**INPUT DATA:**
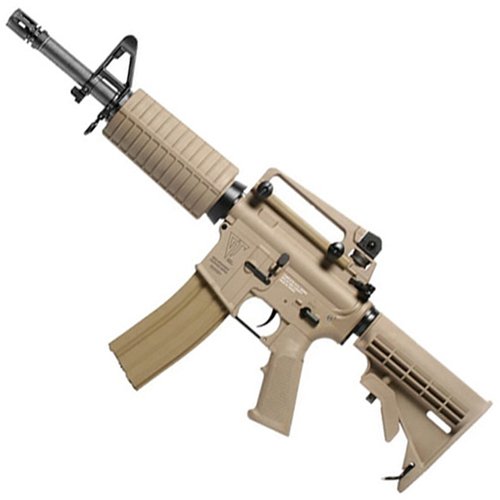 G&G TR16 Blowback Airsoft Rifle
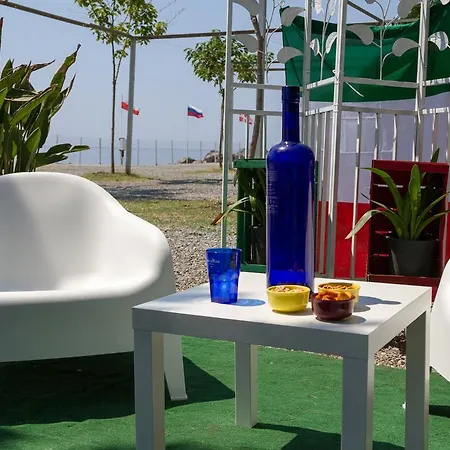 Campsite La Focetta Sicula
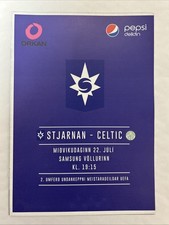 Stjarnan v Celtic - Champions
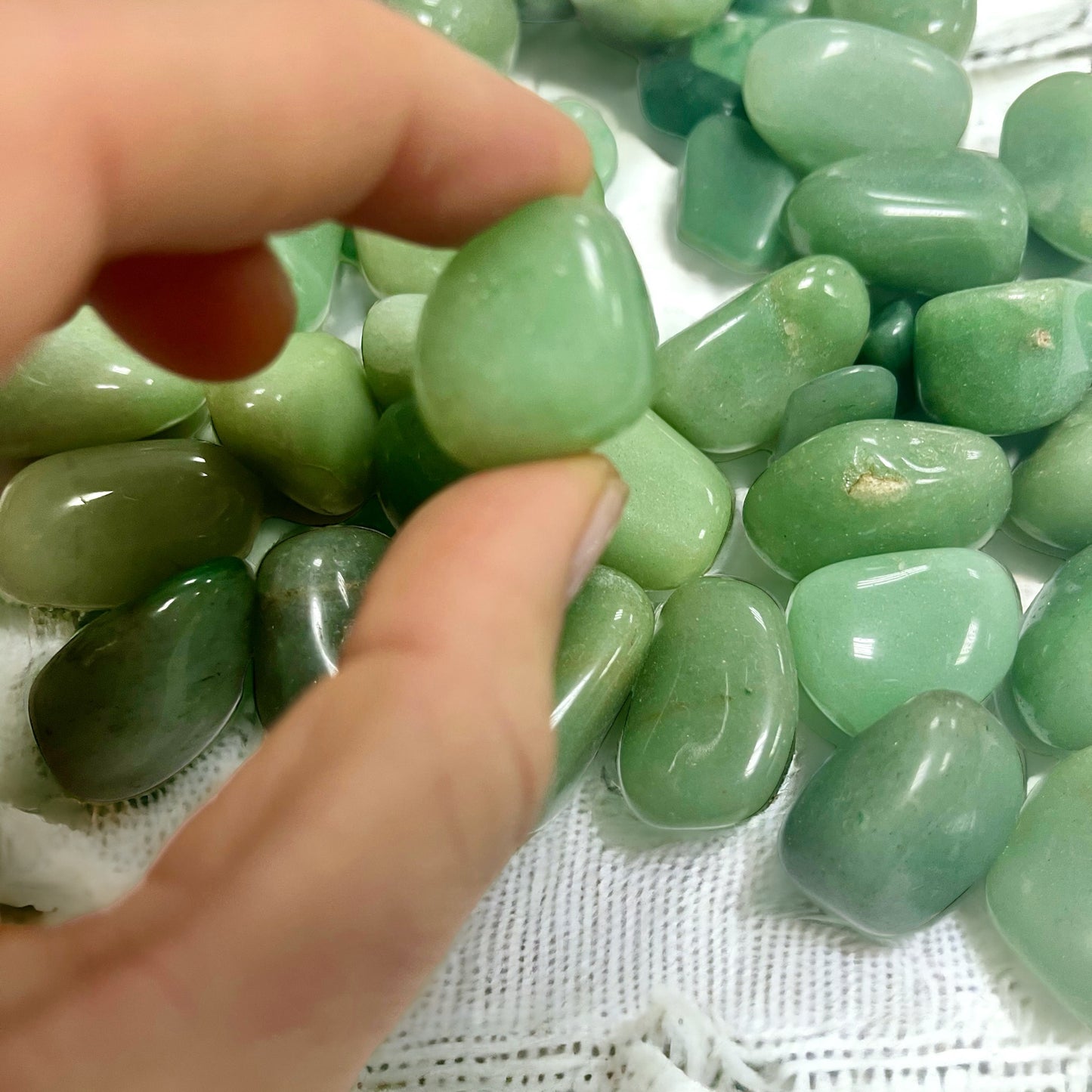 Rodado de Aventurina 3 cm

**WHAT YOU NEED TO DO:** Your task is to repeat, word for word and with no picture, every line from the one that contains "Stjarnan v Celtic - Champions" through the last line of the data.

**ANSWER SECTION:**
 Stjarnan v Celtic - Champions
 Rodado de Aventurina 3 cm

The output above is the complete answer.